Tuesday, February 15, 2011

Giant Waterlillies

Late in the afternoon, the first day we were at Karanambu, we did a bit of birding as we walked down to the river (Rupununi).  Then, we climbed into boats for a slow cruise upstream to Buffalo Pond to see the Giant Waterlilies opening.  The pond is accessed  via a tiny stream. 

This place is stunning.  Lily pads cover almost the entire surface of this small, shallow oxbow lake.  The air is filled with a light, sweet, fragrance of the lilies.  

It's a quiet place.  We drifted through the lily pads.  Our guide picked this bud for our boat to sit beside to watch open as dusk moved in.    The flowers take about 45 minutes to fully open.

The Giant Waterlily   Victoria amazonica  is found in ponds and oxbow lakes in the Amazon Basin, the Guianas and the Pantanal of Brazil. 

The pads grow to 2 to 2.5 meters across.  The flowers, when fully open, are about the size of dinner plates. 

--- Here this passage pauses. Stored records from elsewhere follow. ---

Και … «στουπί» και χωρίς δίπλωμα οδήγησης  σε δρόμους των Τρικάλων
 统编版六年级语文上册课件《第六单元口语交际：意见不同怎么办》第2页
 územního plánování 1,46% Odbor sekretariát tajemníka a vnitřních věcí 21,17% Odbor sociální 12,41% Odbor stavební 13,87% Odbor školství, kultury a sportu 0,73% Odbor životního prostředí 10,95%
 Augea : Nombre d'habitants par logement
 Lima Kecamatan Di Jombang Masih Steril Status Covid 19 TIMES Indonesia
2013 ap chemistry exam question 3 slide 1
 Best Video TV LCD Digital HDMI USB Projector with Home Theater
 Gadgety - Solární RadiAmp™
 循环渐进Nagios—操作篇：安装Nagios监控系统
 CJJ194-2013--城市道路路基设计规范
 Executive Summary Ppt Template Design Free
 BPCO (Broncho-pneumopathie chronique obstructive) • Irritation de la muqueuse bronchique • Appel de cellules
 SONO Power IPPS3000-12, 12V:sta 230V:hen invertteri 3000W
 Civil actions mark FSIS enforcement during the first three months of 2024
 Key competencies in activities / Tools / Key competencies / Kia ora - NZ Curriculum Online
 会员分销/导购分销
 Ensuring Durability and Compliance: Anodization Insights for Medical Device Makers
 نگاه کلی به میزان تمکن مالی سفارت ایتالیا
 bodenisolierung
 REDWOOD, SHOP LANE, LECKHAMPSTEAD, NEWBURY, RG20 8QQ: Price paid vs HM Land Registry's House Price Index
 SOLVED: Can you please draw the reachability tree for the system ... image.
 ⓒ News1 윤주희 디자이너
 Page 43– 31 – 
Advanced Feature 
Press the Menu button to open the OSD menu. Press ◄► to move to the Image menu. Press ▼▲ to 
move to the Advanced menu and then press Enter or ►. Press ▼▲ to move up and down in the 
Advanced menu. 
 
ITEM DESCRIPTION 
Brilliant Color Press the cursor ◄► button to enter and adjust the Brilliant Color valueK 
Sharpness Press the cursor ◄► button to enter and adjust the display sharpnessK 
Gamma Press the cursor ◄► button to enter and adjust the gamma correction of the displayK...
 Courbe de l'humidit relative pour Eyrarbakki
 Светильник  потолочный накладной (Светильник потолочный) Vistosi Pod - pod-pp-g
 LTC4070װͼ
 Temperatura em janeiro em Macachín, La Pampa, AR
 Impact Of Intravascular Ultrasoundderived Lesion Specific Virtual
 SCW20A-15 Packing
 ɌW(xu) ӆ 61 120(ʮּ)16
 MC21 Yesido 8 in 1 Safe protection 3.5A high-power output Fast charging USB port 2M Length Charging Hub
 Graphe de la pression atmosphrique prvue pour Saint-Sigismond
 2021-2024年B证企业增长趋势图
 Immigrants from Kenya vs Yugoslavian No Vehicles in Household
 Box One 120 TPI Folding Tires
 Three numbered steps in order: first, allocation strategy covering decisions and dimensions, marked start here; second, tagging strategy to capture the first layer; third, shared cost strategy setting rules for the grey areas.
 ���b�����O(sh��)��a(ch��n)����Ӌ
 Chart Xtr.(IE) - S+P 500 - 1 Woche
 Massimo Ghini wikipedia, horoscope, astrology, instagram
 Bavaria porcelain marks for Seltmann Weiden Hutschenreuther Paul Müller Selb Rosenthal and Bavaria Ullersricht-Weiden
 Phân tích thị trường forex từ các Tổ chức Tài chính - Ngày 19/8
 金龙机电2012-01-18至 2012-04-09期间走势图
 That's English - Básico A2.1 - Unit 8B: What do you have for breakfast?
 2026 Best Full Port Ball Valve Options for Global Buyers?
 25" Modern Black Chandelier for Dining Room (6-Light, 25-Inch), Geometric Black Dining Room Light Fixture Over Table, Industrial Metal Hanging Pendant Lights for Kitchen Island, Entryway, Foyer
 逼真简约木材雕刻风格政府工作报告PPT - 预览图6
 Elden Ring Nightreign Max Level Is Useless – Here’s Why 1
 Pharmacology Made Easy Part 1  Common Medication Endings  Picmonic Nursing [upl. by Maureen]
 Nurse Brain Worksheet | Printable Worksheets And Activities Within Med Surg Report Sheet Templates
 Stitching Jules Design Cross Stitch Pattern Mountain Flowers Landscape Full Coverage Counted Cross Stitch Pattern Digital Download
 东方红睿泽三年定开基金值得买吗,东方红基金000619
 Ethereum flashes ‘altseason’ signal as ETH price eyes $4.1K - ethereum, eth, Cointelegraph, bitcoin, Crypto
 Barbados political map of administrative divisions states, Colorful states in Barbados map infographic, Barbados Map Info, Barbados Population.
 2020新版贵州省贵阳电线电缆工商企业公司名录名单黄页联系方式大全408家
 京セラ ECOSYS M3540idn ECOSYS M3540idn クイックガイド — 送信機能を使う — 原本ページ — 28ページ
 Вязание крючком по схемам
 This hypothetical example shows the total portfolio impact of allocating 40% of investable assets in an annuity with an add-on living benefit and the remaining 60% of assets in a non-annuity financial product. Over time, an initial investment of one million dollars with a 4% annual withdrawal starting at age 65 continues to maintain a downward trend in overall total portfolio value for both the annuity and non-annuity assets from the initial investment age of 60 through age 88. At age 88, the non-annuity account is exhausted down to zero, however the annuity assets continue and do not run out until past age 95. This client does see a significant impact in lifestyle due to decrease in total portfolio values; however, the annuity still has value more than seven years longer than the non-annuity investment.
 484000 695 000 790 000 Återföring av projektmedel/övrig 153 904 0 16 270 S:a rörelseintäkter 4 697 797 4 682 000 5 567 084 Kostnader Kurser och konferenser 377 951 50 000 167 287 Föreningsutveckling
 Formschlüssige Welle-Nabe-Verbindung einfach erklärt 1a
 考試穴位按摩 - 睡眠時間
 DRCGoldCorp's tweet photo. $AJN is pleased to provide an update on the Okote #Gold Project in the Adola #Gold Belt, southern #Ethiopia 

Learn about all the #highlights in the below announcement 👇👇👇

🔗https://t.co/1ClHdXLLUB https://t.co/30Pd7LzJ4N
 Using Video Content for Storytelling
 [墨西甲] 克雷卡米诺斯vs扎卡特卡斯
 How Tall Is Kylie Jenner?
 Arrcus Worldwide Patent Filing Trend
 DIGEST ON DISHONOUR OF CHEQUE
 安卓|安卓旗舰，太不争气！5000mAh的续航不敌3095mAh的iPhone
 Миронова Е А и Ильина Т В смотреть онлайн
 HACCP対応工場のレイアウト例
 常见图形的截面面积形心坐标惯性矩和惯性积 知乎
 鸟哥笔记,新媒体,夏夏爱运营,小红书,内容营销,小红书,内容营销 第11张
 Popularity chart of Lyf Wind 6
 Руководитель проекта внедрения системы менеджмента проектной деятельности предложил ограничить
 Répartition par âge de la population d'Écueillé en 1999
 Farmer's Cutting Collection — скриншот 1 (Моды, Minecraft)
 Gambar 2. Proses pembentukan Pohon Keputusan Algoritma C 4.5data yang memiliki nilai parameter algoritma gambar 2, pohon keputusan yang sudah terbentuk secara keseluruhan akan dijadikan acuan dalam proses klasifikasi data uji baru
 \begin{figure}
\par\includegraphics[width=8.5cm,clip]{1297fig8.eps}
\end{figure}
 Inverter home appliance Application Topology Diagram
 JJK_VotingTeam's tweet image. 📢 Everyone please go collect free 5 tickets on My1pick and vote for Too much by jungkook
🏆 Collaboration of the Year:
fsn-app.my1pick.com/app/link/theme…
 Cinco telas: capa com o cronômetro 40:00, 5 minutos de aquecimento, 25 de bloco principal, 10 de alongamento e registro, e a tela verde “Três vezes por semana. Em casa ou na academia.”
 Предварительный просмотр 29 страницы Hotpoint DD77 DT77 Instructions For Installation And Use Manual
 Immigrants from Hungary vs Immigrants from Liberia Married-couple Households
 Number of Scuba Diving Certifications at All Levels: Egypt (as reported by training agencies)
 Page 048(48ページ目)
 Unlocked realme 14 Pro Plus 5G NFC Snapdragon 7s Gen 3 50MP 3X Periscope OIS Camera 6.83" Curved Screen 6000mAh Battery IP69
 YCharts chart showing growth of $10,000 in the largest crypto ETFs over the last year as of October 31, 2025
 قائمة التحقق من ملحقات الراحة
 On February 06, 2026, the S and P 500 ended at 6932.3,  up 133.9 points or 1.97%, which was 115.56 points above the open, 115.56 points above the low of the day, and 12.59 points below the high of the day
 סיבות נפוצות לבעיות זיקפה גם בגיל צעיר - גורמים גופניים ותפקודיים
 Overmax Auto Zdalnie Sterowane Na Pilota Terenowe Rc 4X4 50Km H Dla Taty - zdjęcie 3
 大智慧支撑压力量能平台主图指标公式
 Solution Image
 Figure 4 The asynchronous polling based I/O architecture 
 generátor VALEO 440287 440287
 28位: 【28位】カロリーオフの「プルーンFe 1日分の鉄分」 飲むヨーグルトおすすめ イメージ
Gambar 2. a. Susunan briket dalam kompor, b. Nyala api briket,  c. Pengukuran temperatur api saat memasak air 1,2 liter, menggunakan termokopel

There were other things going on at Buffalo Pond.  In fact, the place was quietly busy with several species of heron (Capped, Striated, Boat-billed, Black-crowned Night-) and egrets (Snowy, Great, Cocoi). 

Wood Storks flew over.  One landed at the top of a distant tree and stayed there as the sunset progressed to darkness. 

Black-collared and Great Black Hawks lurked in the trees at the water's edge. 

There were also 4-5 Giant River Otters popping their heads up beside distant lily pads.  Our guide Kenneth pointed out their den in the bank at the root of a big tree.  We didn't see them slip in there for the night, though.  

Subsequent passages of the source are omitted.